A new study published in the American Journal of Archaeology discusses this “spectacular” artifact in great detail, providing insights on the balsamarium’s origins, subject and place within the wider Thracian culture. (Thrace, an ancient region comprising parts of Greece, Bulgaria and Turkey, was under Roman control at the time of the jar’s production.)
As the authors explain, “By providing a detailed description of the balsamarium, the results of its metallographic analysis, and an accurate account of its archaeological context and its date, we hope to clarify some still unsolved problems related to the function and production of such vessels.”
Per Live Science’s Owen Jarus, the ancient jar depicts a goateed man with a bent nose likely broken during a wrestling match and never fully healed. The unidentified athlete boasts a tight-fitting cap made from the skin of a panther or leopard: Its nostrils and half-closed eyes appear on the front side of the accessory, while its sharp teeth, ears, spotted coat and mane are represented by skillfully rendered brasswork details.
According to the study, the cap alludes to Hercules, a mythological Greek hero who defeated the Nemean lion and other seemingly unconquerable beasts. By including such an “impressive” adornment, the craftsman hinted at the athlete’s similarity to Hercules and, by extension, his “heroic power and courage.”
Archaeologists discovered the wrestler balsamarium while excavating a burial mound in 2015. As the study notes, the site also yielded two pairs of shoes; fragments of glass vessels; a bronze coin dated to between 198 and 217 A.D.; and a strigil, or curved blade used to scrape oil and dirt off one’s skin.
Although scholars disagree on the historic function of balsamaria, the study’s authors point out that the presence of both the vessel and a strigil in a single grave points toward the former’s use as an unguent container associated with exercise and bathing. The jar’s anthropomorphic nature also supports this theory; rather than depicting a more typical subject such as Hercules or Dionysus, the balsamarium represents a man easily identified as an athlete on the basis of his crooked nose and intimidating cap.
Lead author Daniela Agre of the National Archaeological Institute with Museum at the Bulgarian Academy of Sciences tells Live Science’s Jarus that the grave likely belonged to a Thracian aristocrat who “practiced sport in his everyday life, rather than to a professional athlete.”
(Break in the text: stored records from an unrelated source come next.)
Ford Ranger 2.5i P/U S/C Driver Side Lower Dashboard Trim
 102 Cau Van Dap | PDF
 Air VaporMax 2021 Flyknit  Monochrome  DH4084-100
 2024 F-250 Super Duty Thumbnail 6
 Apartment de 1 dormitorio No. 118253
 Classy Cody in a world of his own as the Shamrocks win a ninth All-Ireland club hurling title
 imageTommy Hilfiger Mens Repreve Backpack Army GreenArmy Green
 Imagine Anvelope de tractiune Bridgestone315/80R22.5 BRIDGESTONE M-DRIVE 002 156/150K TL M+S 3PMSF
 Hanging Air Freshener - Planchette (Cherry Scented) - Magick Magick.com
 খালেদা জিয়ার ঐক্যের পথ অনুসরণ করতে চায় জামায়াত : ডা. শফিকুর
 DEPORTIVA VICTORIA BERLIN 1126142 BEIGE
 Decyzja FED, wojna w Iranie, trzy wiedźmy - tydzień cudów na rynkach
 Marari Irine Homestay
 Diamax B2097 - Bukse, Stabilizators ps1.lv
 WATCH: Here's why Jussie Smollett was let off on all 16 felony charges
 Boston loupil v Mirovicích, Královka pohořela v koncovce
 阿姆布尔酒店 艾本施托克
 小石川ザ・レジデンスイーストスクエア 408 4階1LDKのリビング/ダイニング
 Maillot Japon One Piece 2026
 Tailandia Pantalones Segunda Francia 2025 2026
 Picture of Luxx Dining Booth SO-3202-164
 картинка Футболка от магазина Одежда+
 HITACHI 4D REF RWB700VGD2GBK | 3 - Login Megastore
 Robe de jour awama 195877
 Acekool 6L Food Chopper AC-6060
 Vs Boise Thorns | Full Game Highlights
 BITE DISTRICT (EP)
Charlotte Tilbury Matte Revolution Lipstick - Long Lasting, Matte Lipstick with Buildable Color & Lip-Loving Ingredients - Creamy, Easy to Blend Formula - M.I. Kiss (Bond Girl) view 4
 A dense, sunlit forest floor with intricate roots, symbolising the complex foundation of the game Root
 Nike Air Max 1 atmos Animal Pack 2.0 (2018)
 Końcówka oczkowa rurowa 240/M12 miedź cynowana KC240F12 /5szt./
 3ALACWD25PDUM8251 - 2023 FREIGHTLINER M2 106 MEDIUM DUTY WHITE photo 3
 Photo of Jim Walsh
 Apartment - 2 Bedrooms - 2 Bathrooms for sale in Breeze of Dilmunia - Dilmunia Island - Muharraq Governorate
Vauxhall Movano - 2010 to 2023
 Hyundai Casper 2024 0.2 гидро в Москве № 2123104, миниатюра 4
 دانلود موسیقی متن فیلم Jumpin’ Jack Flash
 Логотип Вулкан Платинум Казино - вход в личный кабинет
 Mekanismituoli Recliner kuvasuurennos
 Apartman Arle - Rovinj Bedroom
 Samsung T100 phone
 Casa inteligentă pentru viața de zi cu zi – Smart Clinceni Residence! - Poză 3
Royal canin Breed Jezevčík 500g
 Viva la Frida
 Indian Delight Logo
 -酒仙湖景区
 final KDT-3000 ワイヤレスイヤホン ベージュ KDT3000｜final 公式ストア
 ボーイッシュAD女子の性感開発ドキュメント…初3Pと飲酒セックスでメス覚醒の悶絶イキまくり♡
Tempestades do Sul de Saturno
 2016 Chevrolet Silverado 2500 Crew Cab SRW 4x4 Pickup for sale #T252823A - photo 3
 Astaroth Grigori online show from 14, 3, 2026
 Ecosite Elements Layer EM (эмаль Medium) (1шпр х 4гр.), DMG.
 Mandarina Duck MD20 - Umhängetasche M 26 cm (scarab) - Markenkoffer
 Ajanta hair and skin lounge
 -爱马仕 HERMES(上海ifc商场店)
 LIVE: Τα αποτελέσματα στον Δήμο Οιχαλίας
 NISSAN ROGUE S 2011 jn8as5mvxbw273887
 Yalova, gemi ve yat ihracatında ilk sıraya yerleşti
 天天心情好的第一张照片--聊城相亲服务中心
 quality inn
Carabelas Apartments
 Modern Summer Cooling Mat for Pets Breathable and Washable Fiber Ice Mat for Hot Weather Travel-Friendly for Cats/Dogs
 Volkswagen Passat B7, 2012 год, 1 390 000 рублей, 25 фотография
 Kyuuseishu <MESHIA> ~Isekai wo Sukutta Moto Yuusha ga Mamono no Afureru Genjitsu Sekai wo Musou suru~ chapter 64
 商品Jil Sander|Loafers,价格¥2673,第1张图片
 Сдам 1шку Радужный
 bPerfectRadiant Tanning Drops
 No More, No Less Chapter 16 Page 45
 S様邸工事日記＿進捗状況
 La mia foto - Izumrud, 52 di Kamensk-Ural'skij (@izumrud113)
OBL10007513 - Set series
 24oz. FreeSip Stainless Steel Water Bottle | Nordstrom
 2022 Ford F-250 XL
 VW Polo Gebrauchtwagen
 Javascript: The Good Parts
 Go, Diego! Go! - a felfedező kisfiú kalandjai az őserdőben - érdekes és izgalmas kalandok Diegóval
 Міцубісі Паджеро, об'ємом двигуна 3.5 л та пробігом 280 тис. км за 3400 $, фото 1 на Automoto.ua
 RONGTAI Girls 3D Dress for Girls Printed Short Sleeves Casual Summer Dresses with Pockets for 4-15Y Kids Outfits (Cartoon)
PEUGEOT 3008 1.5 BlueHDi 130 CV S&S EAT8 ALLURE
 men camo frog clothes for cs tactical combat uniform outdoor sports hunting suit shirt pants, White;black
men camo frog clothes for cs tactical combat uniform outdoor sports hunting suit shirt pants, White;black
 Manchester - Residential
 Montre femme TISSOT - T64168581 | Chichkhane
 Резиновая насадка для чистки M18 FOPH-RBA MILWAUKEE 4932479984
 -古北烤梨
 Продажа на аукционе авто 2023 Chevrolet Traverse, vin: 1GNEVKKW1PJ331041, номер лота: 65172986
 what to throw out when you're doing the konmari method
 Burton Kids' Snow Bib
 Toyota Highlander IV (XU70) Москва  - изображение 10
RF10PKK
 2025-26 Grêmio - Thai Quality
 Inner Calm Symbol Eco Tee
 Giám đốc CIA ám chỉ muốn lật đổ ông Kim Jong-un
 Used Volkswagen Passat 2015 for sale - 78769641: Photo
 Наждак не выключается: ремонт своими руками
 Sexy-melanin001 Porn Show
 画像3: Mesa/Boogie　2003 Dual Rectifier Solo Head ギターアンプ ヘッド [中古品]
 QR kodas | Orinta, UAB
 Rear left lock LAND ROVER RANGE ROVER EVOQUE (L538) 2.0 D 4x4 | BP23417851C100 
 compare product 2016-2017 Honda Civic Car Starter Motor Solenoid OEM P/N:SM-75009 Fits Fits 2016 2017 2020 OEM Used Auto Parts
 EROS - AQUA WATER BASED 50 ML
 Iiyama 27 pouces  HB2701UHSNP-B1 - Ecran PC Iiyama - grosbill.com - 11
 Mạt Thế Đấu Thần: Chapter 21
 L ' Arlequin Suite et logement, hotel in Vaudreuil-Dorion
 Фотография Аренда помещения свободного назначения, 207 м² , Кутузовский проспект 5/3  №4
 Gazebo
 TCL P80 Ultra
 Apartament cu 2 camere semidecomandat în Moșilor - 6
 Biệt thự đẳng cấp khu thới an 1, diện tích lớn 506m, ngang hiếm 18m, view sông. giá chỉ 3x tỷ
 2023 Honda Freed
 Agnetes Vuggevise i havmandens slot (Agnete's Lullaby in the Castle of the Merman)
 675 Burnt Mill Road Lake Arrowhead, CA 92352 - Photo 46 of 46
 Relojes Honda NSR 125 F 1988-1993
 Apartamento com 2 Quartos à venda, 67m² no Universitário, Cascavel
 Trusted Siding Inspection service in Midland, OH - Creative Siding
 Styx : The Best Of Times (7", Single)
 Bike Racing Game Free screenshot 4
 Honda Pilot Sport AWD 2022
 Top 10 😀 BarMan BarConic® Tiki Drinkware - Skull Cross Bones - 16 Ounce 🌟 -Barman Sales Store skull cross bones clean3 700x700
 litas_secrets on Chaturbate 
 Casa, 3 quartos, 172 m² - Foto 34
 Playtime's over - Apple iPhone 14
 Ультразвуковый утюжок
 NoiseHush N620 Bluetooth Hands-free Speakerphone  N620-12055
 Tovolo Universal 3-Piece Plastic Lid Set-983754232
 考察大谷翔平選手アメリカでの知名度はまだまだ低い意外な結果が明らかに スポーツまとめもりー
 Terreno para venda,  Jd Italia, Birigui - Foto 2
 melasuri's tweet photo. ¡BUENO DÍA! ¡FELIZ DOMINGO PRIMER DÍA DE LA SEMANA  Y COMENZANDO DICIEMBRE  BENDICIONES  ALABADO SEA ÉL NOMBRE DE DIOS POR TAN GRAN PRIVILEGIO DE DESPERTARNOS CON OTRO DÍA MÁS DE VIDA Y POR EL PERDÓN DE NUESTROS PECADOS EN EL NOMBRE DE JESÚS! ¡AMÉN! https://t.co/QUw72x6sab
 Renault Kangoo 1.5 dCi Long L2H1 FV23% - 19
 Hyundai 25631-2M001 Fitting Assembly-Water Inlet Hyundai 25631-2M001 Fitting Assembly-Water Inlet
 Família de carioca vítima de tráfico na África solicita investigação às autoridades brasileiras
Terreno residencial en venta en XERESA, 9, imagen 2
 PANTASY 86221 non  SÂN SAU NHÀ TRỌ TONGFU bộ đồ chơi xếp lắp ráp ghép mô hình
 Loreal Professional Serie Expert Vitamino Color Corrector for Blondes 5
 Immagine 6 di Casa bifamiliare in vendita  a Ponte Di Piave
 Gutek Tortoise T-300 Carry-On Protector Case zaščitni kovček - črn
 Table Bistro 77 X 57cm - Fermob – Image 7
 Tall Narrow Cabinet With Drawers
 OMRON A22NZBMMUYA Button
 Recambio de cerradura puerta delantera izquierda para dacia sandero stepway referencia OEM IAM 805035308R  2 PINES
She adds, “We think that the tumulus”—a 9.8-foot-tall burial mound—“was used as a family necropolis and the deceased was a part of this family.”
Per the study, the individual in question used the balsamarium for as long as 20 to 25 years, wearing it out to such an extent that he had to have the jar’s handle replaced. Upon the man’s death, this prized possession followed him to the grave, where it remained for almost two millennia.